__ACTIVITY__. What you return should be exactly the lines from the one containing "For Motorola Moto" down to the final line of the listing, with nothing else.

----

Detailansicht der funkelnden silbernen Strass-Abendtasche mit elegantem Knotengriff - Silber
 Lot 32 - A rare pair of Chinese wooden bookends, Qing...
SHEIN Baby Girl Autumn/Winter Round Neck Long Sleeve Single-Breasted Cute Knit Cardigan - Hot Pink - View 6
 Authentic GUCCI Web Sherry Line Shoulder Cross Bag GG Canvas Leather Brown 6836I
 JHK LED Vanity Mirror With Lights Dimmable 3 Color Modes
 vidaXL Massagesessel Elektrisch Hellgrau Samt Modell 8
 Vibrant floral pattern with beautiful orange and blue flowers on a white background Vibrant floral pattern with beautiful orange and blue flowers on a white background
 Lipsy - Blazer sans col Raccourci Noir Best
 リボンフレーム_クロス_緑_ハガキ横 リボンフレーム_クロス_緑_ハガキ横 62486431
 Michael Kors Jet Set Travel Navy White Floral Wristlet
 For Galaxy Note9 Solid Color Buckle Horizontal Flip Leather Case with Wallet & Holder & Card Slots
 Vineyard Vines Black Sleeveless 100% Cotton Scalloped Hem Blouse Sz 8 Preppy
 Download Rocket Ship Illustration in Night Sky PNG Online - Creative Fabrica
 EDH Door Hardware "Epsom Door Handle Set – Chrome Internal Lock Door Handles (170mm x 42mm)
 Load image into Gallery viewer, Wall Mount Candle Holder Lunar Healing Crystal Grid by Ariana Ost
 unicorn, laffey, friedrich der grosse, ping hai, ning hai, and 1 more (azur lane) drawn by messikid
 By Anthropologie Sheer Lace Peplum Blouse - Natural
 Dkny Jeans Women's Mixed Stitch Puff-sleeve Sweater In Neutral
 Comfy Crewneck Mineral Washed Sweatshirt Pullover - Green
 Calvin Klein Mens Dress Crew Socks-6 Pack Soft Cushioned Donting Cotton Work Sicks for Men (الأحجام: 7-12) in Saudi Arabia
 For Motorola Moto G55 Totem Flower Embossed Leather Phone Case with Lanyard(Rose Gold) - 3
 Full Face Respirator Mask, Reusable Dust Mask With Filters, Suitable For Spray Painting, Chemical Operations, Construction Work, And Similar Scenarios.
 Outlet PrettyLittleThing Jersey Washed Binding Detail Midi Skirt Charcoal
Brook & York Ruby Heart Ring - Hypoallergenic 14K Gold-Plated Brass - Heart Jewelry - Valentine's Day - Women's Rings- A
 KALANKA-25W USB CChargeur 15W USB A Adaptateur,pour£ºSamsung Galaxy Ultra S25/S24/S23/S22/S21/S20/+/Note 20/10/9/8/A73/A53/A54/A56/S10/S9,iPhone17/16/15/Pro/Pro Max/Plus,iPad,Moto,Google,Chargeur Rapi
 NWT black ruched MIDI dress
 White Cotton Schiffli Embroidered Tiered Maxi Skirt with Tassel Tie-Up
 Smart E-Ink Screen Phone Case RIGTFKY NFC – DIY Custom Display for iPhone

----

__TASK ANSWER__.
 For Motorola Moto G55 Totem Flower Embossed Leather Phone Case with Lanyard(Rose Gold) - 3
 Full Face Respirator Mask, Reusable Dust Mask With Filters, Suitable For Spray Painting, Chemical Operations, Construction Work, And Similar Scenarios.
 Outlet PrettyLittleThing Jersey Washed Binding Detail Midi Skirt Charcoal
Brook & York Ruby Heart Ring - Hypoallergenic 14K Gold-Plated Brass - Heart Jewelry - Valentine's Day - Women's Rings- A
 KALANKA-25W USB CChargeur 15W USB A Adaptateur,pour£ºSamsung Galaxy Ultra S25/S24/S23/S22/S21/S20/+/Note 20/10/9/8/A73/A53/A54/A56/S10/S9,iPhone17/16/15/Pro/Pro Max/Plus,iPad,Moto,Google,Chargeur Rapi
 NWT black ruched MIDI dress
 White Cotton Schiffli Embroidered Tiered Maxi Skirt with Tassel Tie-Up
 Smart E-Ink Screen Phone Case RIGTFKY NFC – DIY Custom Display for iPhone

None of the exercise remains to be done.